━━ Excerpted records

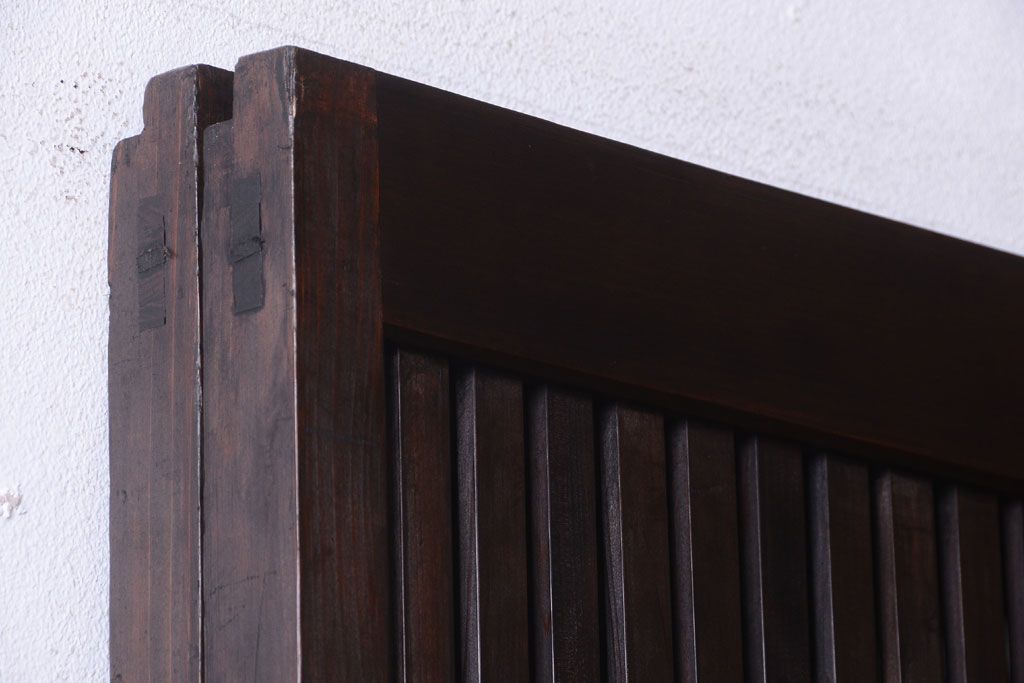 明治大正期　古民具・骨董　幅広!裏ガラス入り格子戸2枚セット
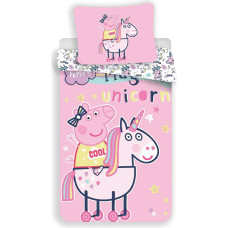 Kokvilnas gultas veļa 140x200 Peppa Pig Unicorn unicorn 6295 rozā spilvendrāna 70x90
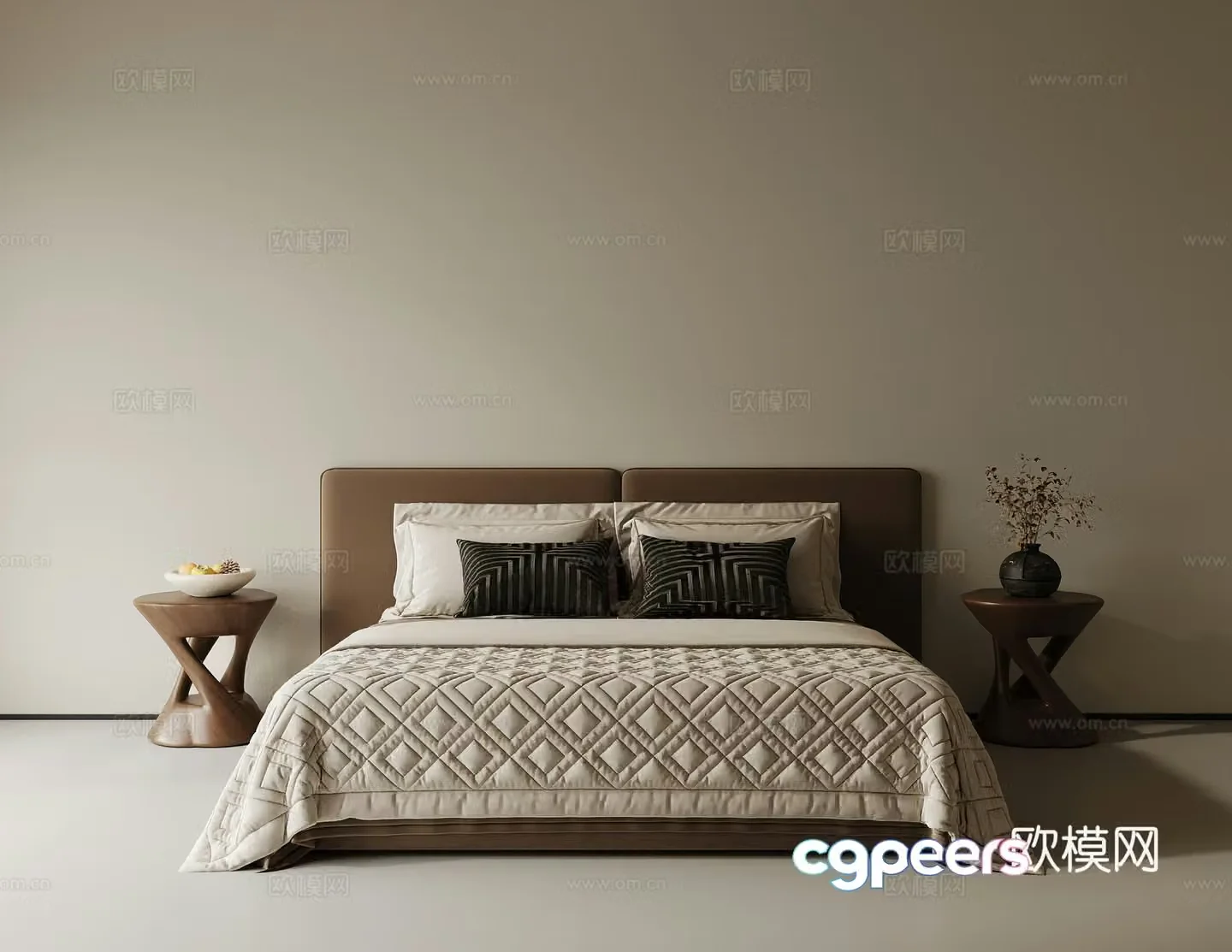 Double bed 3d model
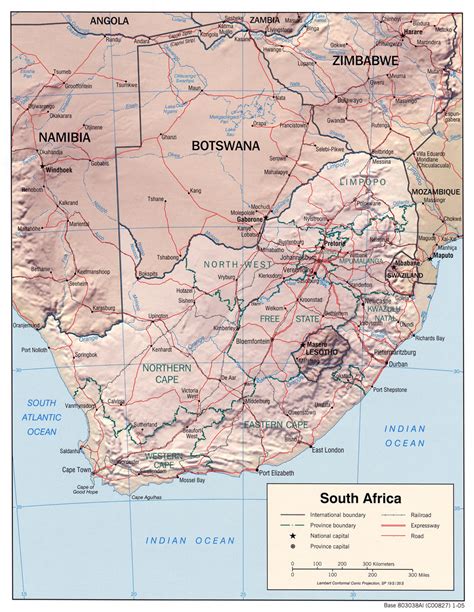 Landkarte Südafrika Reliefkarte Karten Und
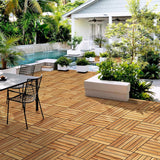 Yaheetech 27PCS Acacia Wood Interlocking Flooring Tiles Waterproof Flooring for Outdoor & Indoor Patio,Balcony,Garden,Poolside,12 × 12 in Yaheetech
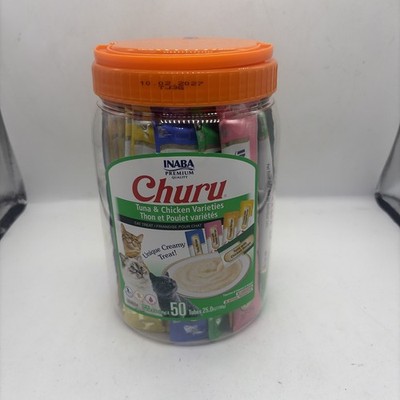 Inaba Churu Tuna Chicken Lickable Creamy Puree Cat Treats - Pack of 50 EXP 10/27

━━━━

- **About this exercise**
In the records above, find the line containing "Yaheetech 27PCS Acacia". Reproduce it and every line after it through the last line, omitting pictures.

- **Solved exercise**
 Yaheetech 27PCS Acacia Wood Interlocking Flooring Tiles Waterproof Flooring for Outdoor & Indoor Patio,Balcony,Garden,Poolside,12 × 12 in Yaheetech
 Inaba Churu Tuna Chicken Lickable Creamy Puree Cat Treats - Pack of 50 EXP 10/27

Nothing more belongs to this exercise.